Procurement learning is changing. As younger people enter the procurement profession, they expect training methods that will engage them and enhance their business performance, such as social media, online or classroom games. ADR International delivers classroom and digital procurement training courses to corporate customers around the world, and gamification is an important theme.

Learning games are instructional tools that develop capability through “play”. The games could be in any format e.g. board games, card games, console games, simulations. In the article “Moving Learning Games Forward” (Eric Klopfer, Scot Osterweil, and Katie Salen), the authors cite the elements that constitute a game in the context of learning: rules, goals, feedback, fantasy and fun. These concepts are familiar to games learned in childhood and are essentially relevant for the digital gaming industry. Most importantly, they work in the context of games for school and business education.

Games make use of the elements that game-players find so compelling, such as:

  • point-scoring or moving up levels
  • collaborating to solve a problem
  • time pressure
  • public recognition for “winning”

The concept of games to assist learning is not new. “Serious Games” has been a learning concept since the 1970s, developing into Clark Abt’s book of that name. Education games, particularly for school use, have been available since the 1980s. A 2015 market report by Vertical (“The Serious Game Market”) predicts that the market for learning games targeted at both youth and adult learners will be worth over $5billion by 2020, fuelled by growing demand that will exceed 16% each year.

The Serious Games Initiative’s co-founder Ben Sawyer identified a range of “games with a purpose beyond play” including “games as work” and “games for training” for corporate learners. (“The Taxonomy of Serious Games” developed by Ben Sawyer and Peter Smith, 2008).

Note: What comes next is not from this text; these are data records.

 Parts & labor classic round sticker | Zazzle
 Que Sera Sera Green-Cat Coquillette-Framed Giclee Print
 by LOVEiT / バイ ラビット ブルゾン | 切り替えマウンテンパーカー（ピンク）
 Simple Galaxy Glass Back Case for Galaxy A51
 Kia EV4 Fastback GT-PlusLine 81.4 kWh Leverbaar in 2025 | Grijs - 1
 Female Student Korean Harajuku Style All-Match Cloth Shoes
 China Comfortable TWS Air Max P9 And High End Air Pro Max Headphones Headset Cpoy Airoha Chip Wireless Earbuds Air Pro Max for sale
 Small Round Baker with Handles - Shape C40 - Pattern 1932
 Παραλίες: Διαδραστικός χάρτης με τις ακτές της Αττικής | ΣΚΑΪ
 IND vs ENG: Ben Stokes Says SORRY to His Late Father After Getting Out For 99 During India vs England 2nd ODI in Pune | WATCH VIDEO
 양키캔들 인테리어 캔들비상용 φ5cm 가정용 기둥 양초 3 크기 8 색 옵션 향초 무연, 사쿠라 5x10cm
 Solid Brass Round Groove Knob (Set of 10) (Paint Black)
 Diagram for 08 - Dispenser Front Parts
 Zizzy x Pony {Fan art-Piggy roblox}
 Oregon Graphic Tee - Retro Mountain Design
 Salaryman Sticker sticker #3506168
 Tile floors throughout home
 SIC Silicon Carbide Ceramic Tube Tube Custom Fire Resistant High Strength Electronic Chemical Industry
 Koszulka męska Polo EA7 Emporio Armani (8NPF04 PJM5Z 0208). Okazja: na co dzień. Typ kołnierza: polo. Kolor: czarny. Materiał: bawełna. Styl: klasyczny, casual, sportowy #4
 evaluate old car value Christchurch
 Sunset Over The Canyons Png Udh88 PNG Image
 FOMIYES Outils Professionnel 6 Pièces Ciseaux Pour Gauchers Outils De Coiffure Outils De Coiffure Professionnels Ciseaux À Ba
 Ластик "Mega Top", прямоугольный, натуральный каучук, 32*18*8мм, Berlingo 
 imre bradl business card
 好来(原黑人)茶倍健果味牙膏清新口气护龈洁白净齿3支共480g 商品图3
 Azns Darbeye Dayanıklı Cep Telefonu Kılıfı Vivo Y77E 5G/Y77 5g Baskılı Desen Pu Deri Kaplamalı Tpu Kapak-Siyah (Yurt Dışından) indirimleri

ADR’s classroom learning games make use of tactile formats like cards, board games and props for simulation. We have found these formats particularly useful for procurement training and development. Our tutors summarize the reasons for their popularity:

Fantasy elements

  • Simulations allow for a variety of different outcomes, so participants can test the variables they have available and learn by experimentation.
  • Role play and simulation enables the use of different identities and / or behaviors. Being able to look at things from another perspective is essential for procurement people, who spend much time trying to get buy-in from stakeholders and suppliers

Childhood elements

  • Game-playing using fun design and props like cards, game pieces and game boards blends media well – focusing onto the participants’ hands and away from screens seems to switch thinking.
  • “Free play” game elements like drawing evokes memories of childhood games and aims to spark creative thinking and an opportunity to look at colleagues’ perspectives in a new light.

The value of not “winning”

  • Ironically, whilst games lend themselves well to competitiveness, they can also be used to take pressure off learners to “perform” against their colleagues. For example, the use of dice introduces an element of chance; and drawing games reward expressiveness, not intellect.
  • Frankly, something fun is more memorable than something serious in the classroom.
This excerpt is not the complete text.